This course will explore how questions of time and space shape our thinking about climate change, and vice versa. What do the present and future of climate change look like, and how does that affect our comprehension of scale and distance, our perception of time, and our models for living? What histories does climate change push us to explore? What kinds of narrative does it inspire? How can we see and sense something as vast, diffuse, and long-term as climate change? How does it alter relationships between humans and the nonhuman world, as well as among humans? And what kinds of research and creativity does it demand of us?

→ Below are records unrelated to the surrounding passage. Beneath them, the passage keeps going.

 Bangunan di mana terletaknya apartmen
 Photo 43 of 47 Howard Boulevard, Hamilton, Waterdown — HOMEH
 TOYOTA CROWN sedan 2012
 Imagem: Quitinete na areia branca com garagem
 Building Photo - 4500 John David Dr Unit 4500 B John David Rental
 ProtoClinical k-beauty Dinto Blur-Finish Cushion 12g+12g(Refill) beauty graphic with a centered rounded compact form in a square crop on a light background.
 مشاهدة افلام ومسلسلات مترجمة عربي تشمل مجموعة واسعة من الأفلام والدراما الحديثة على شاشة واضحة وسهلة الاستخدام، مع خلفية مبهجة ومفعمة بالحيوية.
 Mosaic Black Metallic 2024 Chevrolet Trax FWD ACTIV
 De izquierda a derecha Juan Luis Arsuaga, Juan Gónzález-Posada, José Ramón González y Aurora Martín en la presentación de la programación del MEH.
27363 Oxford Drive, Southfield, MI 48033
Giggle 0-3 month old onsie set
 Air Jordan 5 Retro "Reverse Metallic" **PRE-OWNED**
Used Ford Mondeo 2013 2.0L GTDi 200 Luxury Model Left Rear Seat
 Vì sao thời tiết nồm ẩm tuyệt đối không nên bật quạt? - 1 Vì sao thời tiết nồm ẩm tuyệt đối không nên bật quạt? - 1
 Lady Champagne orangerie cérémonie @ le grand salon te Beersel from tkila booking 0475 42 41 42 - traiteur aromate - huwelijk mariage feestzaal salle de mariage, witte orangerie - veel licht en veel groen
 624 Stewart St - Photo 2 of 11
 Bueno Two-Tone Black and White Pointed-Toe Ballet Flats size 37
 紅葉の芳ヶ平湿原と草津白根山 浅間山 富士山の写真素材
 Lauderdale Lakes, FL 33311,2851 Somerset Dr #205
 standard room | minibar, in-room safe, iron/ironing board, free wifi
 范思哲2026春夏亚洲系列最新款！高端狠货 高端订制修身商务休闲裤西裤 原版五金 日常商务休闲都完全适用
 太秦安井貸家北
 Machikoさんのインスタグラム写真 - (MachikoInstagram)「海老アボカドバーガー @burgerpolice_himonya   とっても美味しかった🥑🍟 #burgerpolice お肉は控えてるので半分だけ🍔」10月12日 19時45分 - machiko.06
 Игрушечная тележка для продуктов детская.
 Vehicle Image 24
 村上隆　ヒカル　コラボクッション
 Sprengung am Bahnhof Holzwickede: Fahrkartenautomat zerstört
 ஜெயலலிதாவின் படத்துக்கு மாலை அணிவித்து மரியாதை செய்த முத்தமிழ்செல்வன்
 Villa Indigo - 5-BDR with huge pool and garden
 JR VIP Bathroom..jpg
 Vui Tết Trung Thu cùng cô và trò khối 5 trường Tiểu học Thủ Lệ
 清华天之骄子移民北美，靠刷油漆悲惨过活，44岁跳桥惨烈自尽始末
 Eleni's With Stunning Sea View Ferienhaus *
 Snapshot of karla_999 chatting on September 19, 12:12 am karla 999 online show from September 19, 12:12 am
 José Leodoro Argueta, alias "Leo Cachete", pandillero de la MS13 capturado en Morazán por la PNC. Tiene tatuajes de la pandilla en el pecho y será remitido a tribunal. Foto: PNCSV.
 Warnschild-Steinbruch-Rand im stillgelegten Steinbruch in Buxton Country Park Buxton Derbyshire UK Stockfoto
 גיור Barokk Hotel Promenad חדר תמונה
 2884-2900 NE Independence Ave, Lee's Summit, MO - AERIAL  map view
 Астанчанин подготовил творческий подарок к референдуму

This class will take an environmental humanities perspective, considering how the humanities speak to global environmental crisis and what changes that crisis might provoke in humanities scholarship and study. As we read, research and think together about possible futures for an injured planet, we will synthesize scholarly rigor with imagination, creativity, and innovation.
About Dana Luciano
Dana Luciano is Associate Professor of English and Women's & Gender Studies at Rutgers University, where she teaches courses in queer studies, environmental humanities, and nineteenth-century American literature. Recent publications include Unsettled States: Nineteenth-Century American Literary Studies (NYU Press, 2014), co-edited with Ivy G. Wilson; “Queer Inhumanisms,” a special issue of GLQ: A Journal of Gay and Lesbian Studies, co-edited with Mel Y. Chen (spring/summer 2015); and essays in American Literature, J19: The Journal of Nineteenth-Century Americanists, and Reading the Anthropocene: Literary History in Geologic Times (Penn State University Press, 2017). She is currently at work on two monographs: How the Earth Feels: Geological Fantasy in the Nineteenth Century U.S., and Time and Again: The Affective Circuits of Spirit Photography.